_ACTIVITY_. Lines from the beginning of the entries up to and including the one with "Building Photo - 628 9th Ave" must be duplicated word for word; leave out all others.

_EXTRACTED ENTRIES_.
━━━━━━━━━━
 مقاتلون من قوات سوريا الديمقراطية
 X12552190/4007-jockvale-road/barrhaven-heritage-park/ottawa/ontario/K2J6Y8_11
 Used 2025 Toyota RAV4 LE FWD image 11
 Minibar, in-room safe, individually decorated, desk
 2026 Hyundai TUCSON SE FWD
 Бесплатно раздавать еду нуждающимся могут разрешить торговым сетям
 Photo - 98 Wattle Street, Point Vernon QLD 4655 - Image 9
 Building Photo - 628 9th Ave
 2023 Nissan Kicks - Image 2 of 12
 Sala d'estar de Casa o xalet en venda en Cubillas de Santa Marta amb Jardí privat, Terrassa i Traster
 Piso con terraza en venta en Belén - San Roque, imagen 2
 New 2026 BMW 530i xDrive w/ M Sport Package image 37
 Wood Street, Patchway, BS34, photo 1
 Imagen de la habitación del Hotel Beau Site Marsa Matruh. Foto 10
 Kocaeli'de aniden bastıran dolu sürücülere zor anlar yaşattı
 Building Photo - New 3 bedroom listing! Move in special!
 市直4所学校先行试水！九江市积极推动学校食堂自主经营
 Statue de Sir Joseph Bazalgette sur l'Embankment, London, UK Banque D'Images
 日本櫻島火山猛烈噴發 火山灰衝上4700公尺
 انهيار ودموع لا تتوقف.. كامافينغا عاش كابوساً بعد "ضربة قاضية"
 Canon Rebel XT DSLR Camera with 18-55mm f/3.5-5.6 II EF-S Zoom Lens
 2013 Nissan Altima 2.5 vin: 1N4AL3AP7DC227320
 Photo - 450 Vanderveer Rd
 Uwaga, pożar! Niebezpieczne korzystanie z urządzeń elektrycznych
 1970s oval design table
━━━━━━━━━━
_SOLUTION_.
 مقاتلون من قوات سوريا الديمقراطية
 X12552190/4007-jockvale-road/barrhaven-heritage-park/ottawa/ontario/K2J6Y8_11
 Used 2025 Toyota RAV4 LE FWD image 11
 Minibar, in-room safe, individually decorated, desk
 2026 Hyundai TUCSON SE FWD
 Бесплатно раздавать еду нуждающимся могут разрешить торговым сетям
 Photo - 98 Wattle Street, Point Vernon QLD 4655 - Image 9
 Building Photo - 628 9th Ave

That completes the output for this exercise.